What can you charge for bespoke design – especially if it is 'exclusive' to one client? Several trainers share their experience.

Photo of Sheridan WebbSheridan Webb advises:

As someone who focuses almost exclusively on designing training, you bet I charge for it!

Most clients I work with want something that reflects their structure, culture, customers and situations. So, although many of the concepts are generic, they are applied in a bespoke way, and this needs writing. As do the examples, case studies, role plays etc.

In terms of what you charge for design, I don't see why a design rate should be any different from a delivery rate. How many days you charge depends on what you produce. If you simple have a few notes for yourself, some slides and a couple of handouts, then it is difficult to justify more than a day.

However, if detailed workbooks are produced, along with a comprehensive trainer's guide and all other supporting materials, then I tend to charge two to three days design per day of delivery.

Proper design is vital for the delivery of well constructed, useful programmes that appeals to different learning styles and aids the transfer of learning back to the workplace. Please don't undersell the value of it by not charging!

Graham O'ConnellGraham O Connell points out:

Generally speaking I think buyers expect some minor tweaking to be included in the day-rate price for a fairly standard product. But genuine bespoke design is clearly value adding additional work for which you should charge. Some people estimate how long it will take and charge this at their day rate (or sometimes a little less for design days) but more common is to charge a total fee. After all, the client is relatively uninterested in how long it takes you, they are mostly interested in what they will get and how much it will cost.
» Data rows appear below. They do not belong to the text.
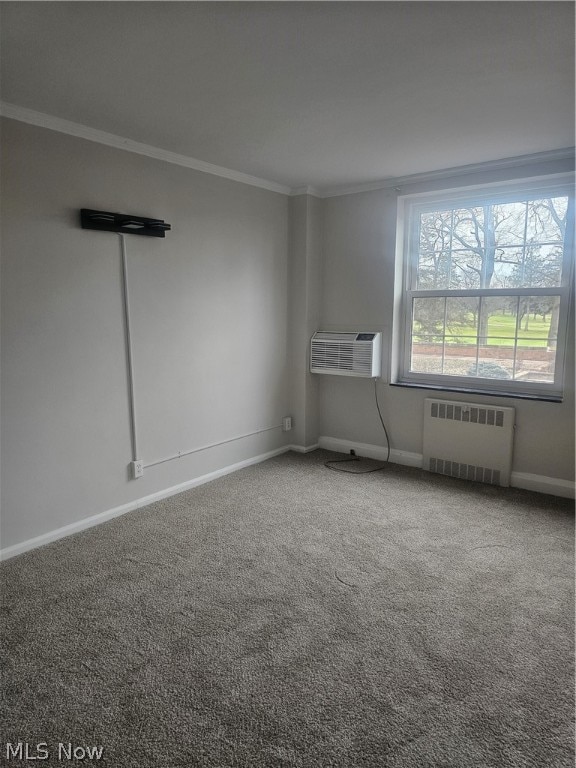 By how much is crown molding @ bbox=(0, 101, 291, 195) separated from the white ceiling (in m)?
0.06

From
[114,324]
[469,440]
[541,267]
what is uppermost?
[541,267]

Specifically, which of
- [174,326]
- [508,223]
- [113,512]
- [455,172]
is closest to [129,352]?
[174,326]

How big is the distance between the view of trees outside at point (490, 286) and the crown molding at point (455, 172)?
291 millimetres

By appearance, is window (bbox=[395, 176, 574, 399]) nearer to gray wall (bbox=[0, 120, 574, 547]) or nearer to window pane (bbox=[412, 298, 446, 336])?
window pane (bbox=[412, 298, 446, 336])

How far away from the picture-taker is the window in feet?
11.5

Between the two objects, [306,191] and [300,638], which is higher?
[306,191]

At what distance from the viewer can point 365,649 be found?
200 centimetres

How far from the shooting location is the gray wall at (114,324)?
2674mm

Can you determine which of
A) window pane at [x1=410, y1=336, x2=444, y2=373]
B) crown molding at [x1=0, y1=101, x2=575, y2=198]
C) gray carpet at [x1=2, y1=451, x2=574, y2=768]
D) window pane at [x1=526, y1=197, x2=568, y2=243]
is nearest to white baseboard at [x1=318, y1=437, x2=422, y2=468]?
window pane at [x1=410, y1=336, x2=444, y2=373]

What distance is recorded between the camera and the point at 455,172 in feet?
12.1

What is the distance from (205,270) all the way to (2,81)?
5.51 ft

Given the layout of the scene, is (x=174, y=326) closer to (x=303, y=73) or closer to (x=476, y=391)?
(x=303, y=73)

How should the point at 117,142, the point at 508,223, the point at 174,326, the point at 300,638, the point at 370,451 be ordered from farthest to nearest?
the point at 370,451
the point at 508,223
the point at 174,326
the point at 117,142
the point at 300,638

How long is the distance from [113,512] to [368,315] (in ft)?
8.49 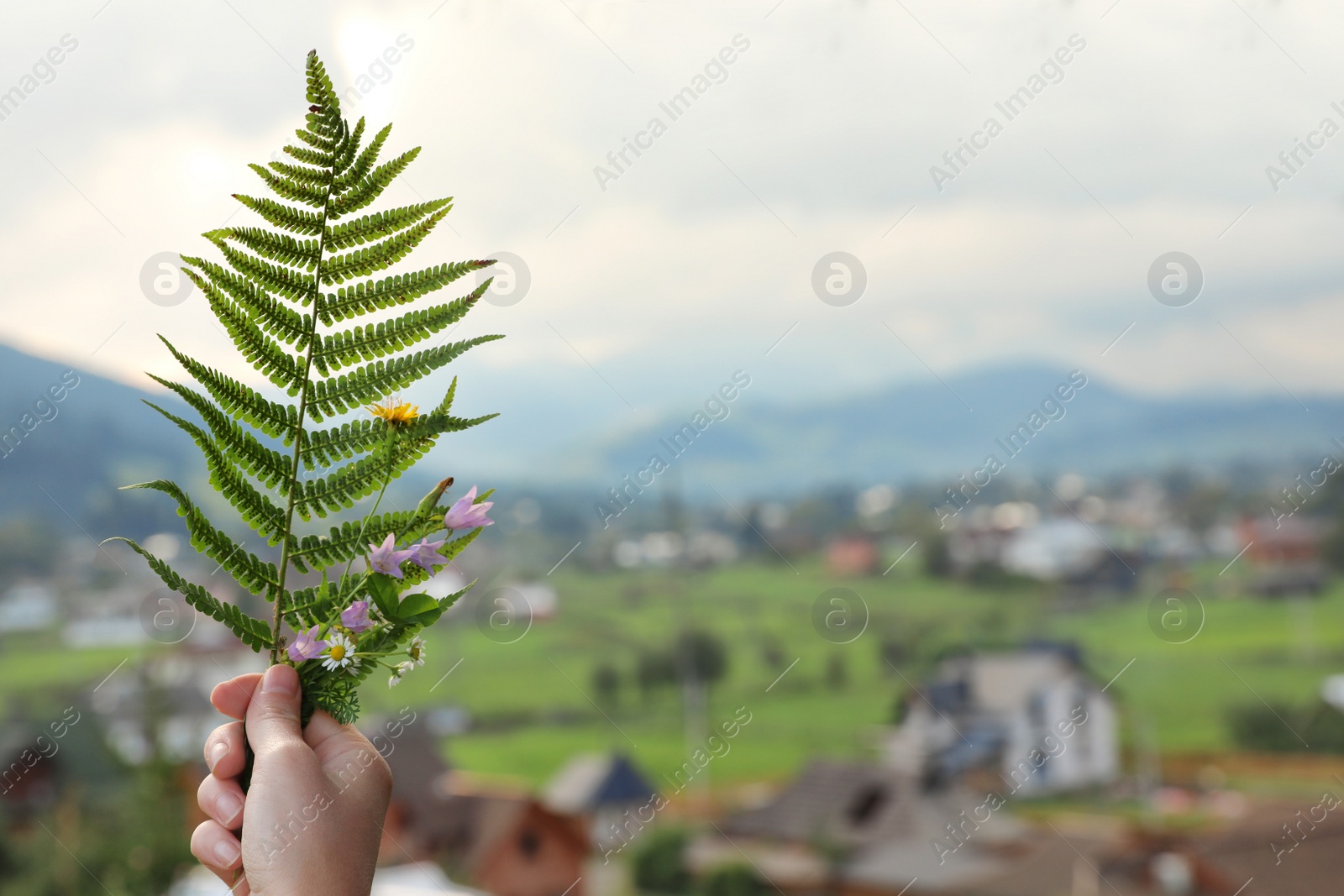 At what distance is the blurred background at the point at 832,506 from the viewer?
809 cm

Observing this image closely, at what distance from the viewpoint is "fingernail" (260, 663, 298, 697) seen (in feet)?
1.90

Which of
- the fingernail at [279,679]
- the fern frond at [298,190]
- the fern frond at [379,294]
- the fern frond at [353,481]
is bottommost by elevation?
the fingernail at [279,679]

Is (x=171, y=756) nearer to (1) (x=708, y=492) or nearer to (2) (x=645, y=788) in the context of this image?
(2) (x=645, y=788)

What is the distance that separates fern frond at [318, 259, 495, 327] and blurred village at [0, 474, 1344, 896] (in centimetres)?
734

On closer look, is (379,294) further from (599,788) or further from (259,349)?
(599,788)

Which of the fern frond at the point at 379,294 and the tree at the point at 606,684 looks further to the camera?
the tree at the point at 606,684

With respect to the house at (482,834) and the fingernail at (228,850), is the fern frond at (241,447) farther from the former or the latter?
the house at (482,834)

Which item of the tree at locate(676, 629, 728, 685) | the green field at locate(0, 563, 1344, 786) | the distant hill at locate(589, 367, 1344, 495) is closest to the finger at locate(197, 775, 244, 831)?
the distant hill at locate(589, 367, 1344, 495)

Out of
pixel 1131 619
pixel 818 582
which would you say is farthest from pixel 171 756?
pixel 1131 619

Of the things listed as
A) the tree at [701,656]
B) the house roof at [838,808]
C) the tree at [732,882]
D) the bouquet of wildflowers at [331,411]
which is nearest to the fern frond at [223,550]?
the bouquet of wildflowers at [331,411]

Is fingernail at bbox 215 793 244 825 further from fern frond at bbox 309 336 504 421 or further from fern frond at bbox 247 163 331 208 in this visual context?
fern frond at bbox 247 163 331 208

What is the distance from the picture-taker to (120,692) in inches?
379

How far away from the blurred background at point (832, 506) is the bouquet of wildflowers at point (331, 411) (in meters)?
6.22

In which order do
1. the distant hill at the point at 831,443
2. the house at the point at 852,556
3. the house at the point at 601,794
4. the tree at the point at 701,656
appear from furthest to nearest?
1. the tree at the point at 701,656
2. the house at the point at 852,556
3. the house at the point at 601,794
4. the distant hill at the point at 831,443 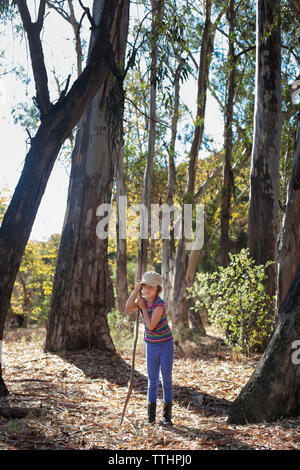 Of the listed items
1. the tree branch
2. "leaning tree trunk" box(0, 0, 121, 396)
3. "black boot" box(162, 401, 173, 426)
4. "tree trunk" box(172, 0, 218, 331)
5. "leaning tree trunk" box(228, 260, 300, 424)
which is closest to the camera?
"leaning tree trunk" box(228, 260, 300, 424)

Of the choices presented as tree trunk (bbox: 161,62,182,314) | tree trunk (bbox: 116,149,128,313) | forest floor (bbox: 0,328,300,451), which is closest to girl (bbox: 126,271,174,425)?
forest floor (bbox: 0,328,300,451)

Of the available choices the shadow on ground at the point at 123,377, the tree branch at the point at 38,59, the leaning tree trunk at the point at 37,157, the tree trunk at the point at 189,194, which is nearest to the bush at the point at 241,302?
the shadow on ground at the point at 123,377

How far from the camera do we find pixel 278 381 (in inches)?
169

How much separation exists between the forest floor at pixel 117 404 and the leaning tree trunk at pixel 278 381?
14cm

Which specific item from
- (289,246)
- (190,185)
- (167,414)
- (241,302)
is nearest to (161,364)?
(167,414)

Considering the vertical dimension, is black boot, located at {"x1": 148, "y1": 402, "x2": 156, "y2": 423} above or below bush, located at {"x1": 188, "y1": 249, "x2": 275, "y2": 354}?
below

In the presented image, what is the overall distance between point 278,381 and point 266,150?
5826 mm

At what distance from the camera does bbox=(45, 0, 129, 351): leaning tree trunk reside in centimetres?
821

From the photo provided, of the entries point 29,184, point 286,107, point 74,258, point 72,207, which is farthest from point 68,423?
point 286,107

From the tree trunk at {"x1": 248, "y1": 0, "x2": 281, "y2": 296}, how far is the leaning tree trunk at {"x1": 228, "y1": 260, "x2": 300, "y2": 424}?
4.63 m

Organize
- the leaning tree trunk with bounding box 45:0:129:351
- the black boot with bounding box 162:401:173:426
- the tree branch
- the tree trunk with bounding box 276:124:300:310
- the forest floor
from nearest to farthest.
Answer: the forest floor, the black boot with bounding box 162:401:173:426, the tree branch, the leaning tree trunk with bounding box 45:0:129:351, the tree trunk with bounding box 276:124:300:310

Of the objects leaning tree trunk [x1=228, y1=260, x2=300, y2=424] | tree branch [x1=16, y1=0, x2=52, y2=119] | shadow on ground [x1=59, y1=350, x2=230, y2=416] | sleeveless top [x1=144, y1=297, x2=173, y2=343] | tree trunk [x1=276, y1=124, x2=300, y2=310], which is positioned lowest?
shadow on ground [x1=59, y1=350, x2=230, y2=416]

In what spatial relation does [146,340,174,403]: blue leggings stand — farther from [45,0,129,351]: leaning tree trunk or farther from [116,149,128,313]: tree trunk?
[116,149,128,313]: tree trunk

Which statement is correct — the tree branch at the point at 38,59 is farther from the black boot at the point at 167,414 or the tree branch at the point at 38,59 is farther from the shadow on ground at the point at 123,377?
the shadow on ground at the point at 123,377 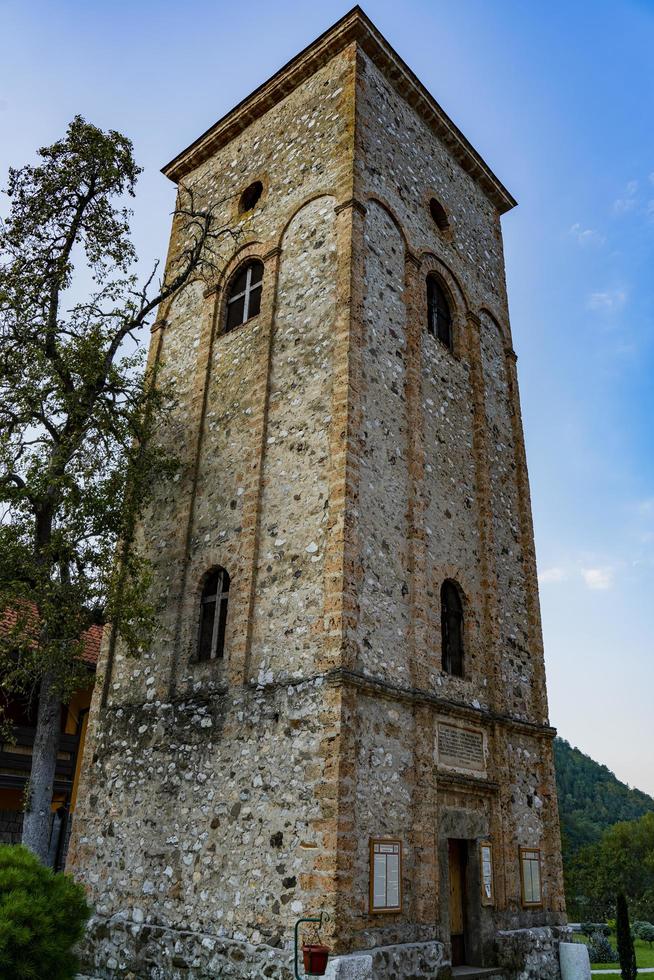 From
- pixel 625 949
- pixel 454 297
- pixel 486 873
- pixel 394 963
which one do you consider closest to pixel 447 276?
pixel 454 297

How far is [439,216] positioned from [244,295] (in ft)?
15.0

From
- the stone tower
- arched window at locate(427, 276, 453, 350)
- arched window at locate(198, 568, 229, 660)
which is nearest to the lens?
the stone tower

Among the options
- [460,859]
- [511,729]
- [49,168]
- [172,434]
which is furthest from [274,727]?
[49,168]

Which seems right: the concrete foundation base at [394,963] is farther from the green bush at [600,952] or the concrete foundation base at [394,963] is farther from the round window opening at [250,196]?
the green bush at [600,952]

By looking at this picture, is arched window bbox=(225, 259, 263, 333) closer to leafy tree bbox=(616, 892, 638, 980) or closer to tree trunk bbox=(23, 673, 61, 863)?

If it is bespoke and the client has paid for the design then they may well expect - quite reasonably - that they own the 'rights', though often this is not made explicit in the contract. Intellectual property is not the same as copyright, but both could be an issue here.

You can show you understand the importance of this by making clear that it (the design) will not be made available to competitors. Though if it is truly bespoke then one might wonder how it could be anyway. The knowledge of the topic that you have is a different matter - that, obviously, could be available to competitors.

If they want it as an open course then I'd suggest you reflect that in the price and/or build into the contract that you would run the programme for X period of time or, at an agreed stage, hand it over to them (e.g. by training their trainers) for Y pounds. Pricing all this is never easy - not so cheap that you end up kicking yourself, not so dear you don't get the work.

Photo of Peter MayesPeter Mayes, of Trainerbase, adds:

You have a finite amount of time to earn a crust and pay the mortgage and rent. Have you defined a business model that will set your minimum requirements?

You have to make what you do pay. In my surveys into daily rates I see many trainers reduce their rates by up to 50% for design against delivery. If the course being designed is non-exclusive (you hold the intellectual property) and you can re-sell it then this model will work. If the course is exclusive then your rate for design should be the same as delivery (based on your business model).

If your client wants a generic course then there are plenty of off the shelf materials around that can be assembled into a very passable programme.

Photo of Simon Derry Simon Derry has the last word:

As per other comments, 50% of day rate is usual. Less if volume of training days allows. This would only be if you are delivering all the training subsequently.
If they or a third party is delivering then essentially your role is to write the material and you should adjust your fees accordingly.

As to rights, I recommend that they can 'license' them from you but you should retain ultimate ownership - as a freelancer the course you write is central to your business. An annual licence is easier to police but you could charge a licence per course run, although you would have to know when they are being run and if your material is being 'photocopied' etc.